What is needed →
Leave out the pictures and output exactly the lines below from the one with "2013 SKODA YETI" down to the one with "1/2/4 PCS Thickening", both of them included.

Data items
◆ ◆ ◆ ◆

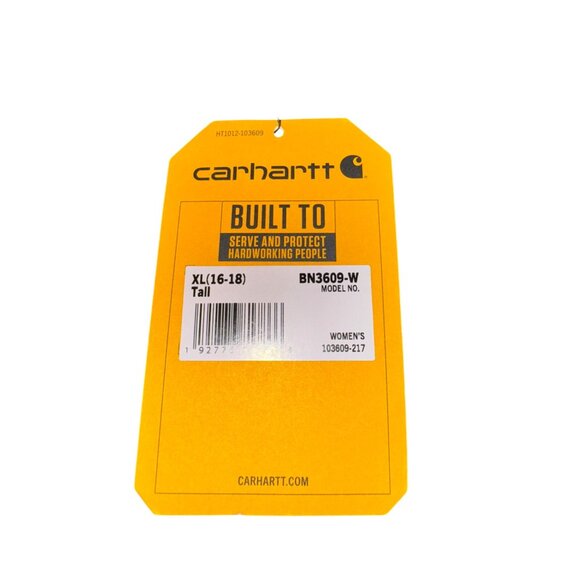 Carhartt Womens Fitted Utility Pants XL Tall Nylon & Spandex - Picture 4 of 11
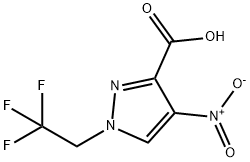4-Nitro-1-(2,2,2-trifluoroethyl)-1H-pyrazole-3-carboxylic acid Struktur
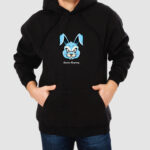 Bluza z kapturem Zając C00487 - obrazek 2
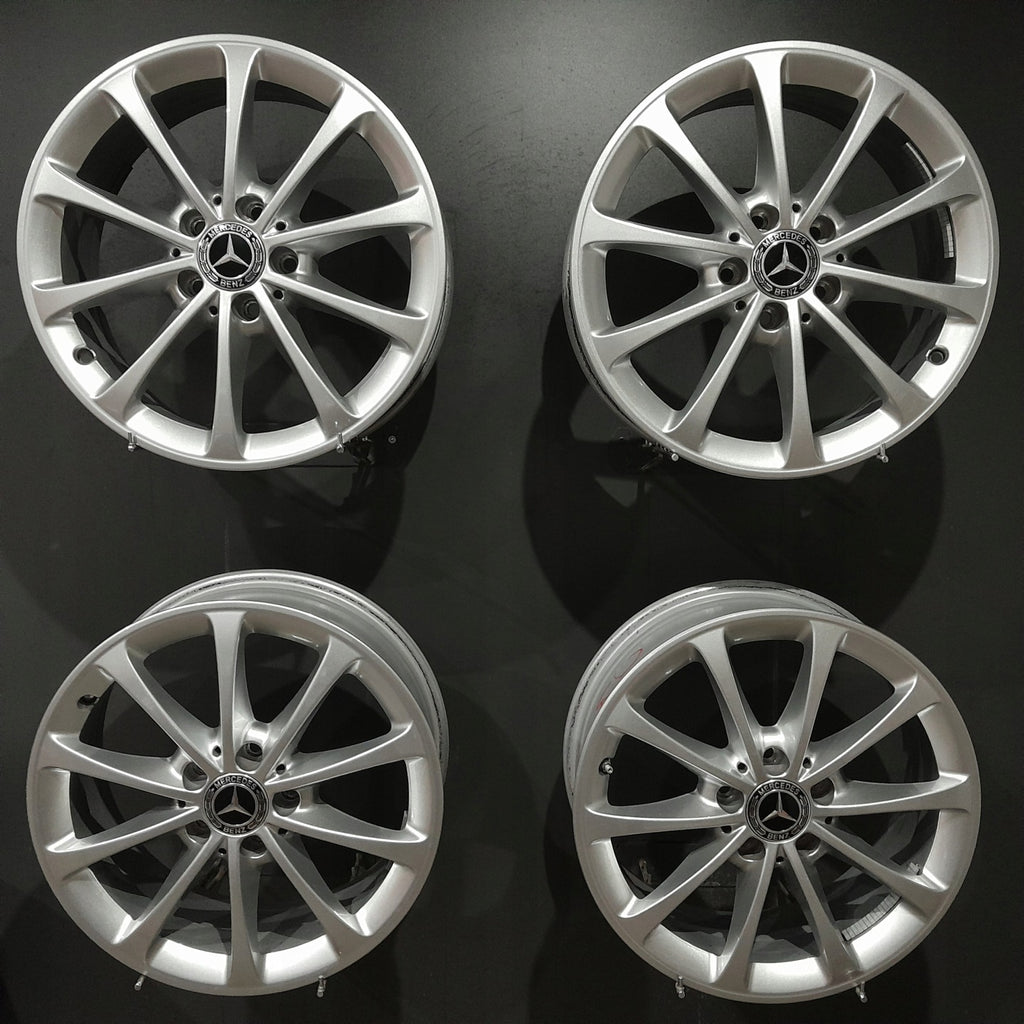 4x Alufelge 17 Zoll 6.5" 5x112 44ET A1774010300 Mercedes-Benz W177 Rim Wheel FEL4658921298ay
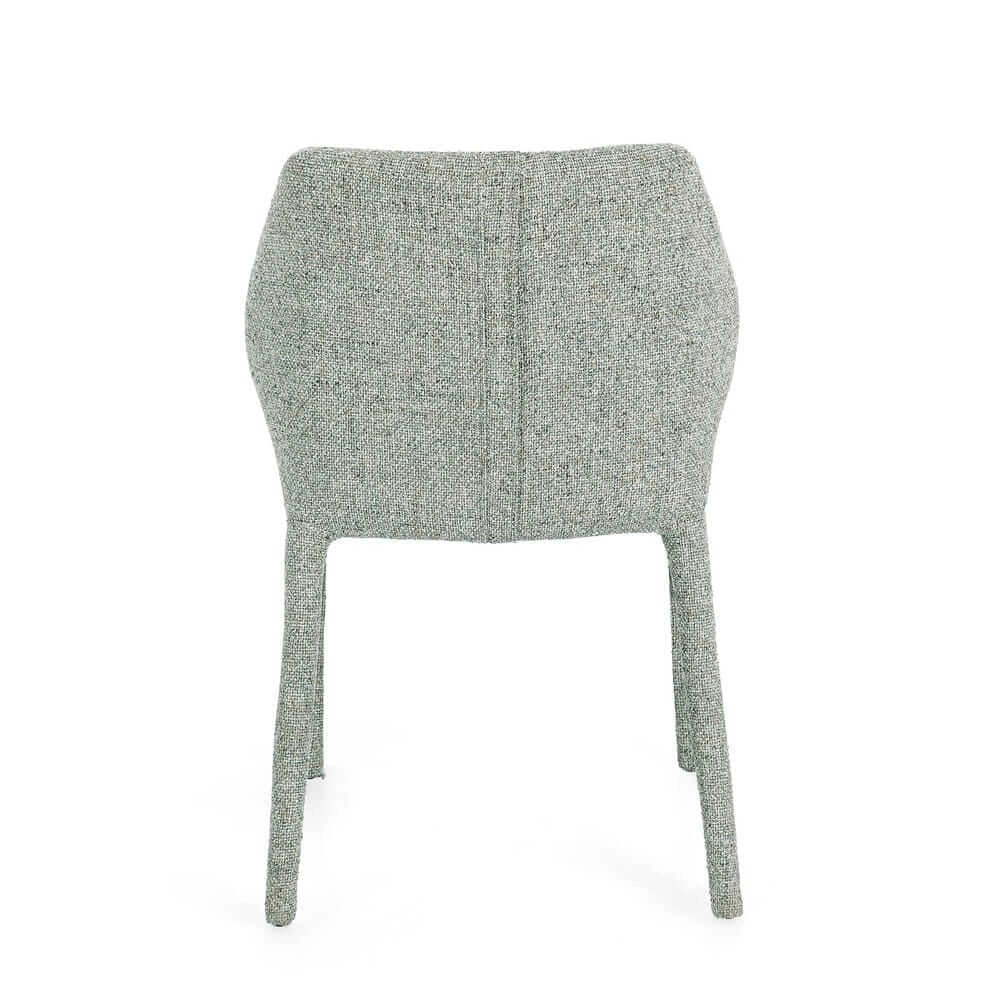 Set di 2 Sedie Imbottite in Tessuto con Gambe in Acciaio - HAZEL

◆ ◆ ◆ ◆

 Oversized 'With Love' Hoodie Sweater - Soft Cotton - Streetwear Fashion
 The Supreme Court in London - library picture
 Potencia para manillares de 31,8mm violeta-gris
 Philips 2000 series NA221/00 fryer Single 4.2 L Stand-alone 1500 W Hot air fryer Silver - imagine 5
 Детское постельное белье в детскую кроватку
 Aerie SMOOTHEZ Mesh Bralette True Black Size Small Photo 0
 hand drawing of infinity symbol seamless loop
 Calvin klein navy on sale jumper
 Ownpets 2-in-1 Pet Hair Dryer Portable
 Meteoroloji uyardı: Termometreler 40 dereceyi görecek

◆ ◆ ◆ ◆

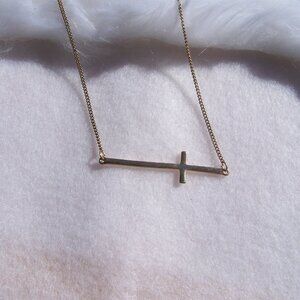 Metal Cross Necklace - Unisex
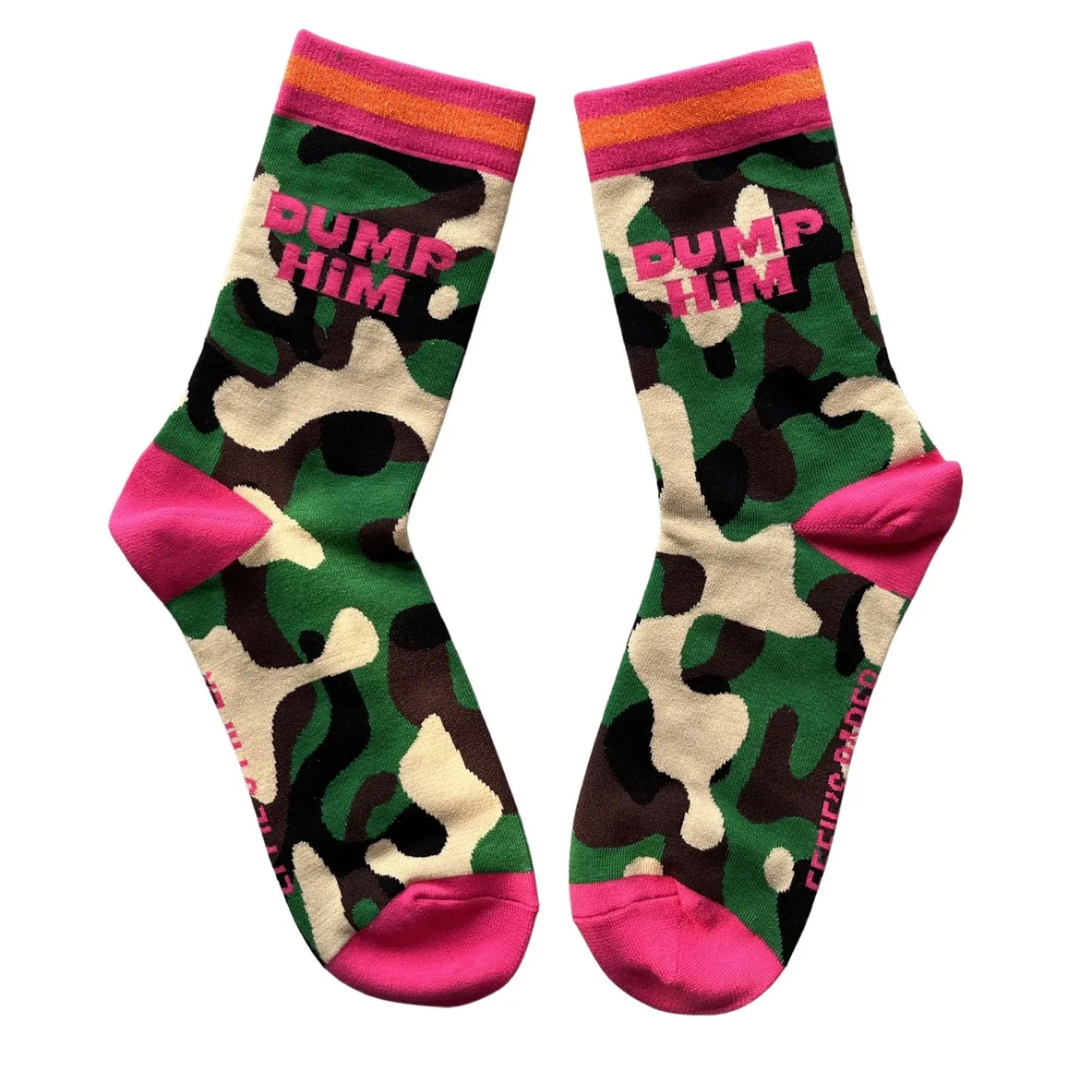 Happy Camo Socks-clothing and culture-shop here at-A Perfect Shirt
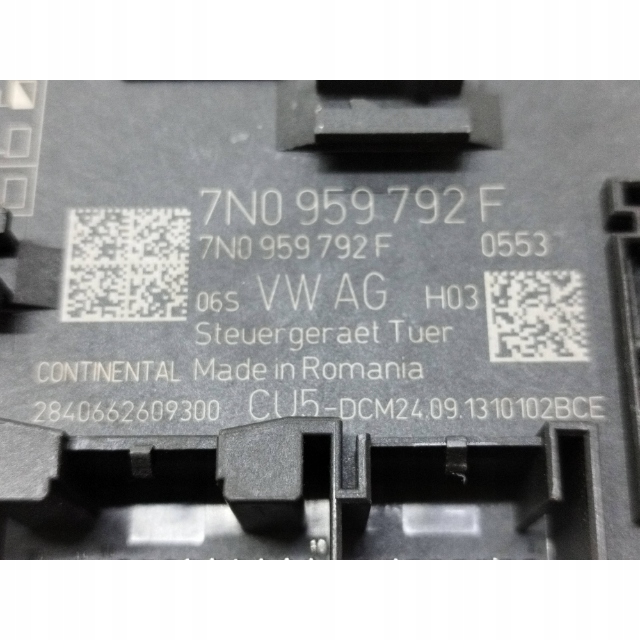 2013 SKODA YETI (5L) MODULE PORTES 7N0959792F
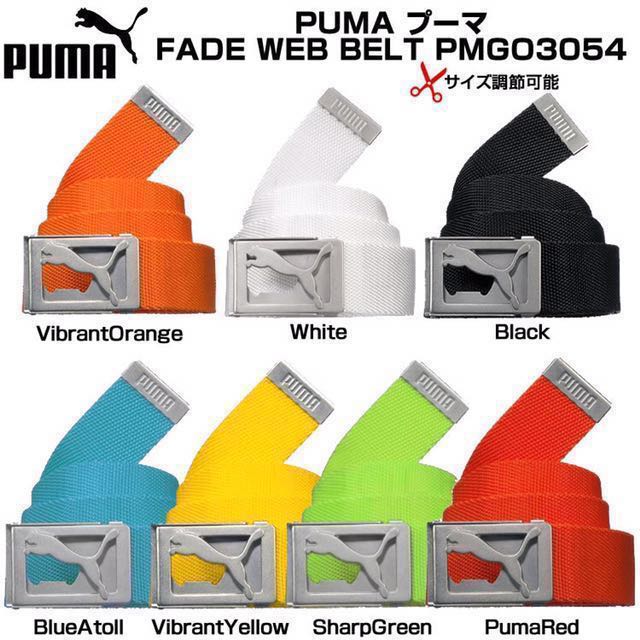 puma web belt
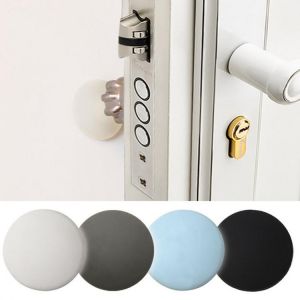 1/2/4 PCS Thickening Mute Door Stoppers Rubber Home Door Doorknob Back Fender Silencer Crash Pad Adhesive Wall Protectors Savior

◆ ◆ ◆ ◆

Response to the exercise →
 2013 SKODA YETI (5L) MODULE PORTES 7N0959792F
 puma web belt
 1/2/4 PCS Thickening Mute Door Stoppers Rubber Home Door Doorknob Back Fender Silencer Crash Pad Adhesive Wall Protectors Savior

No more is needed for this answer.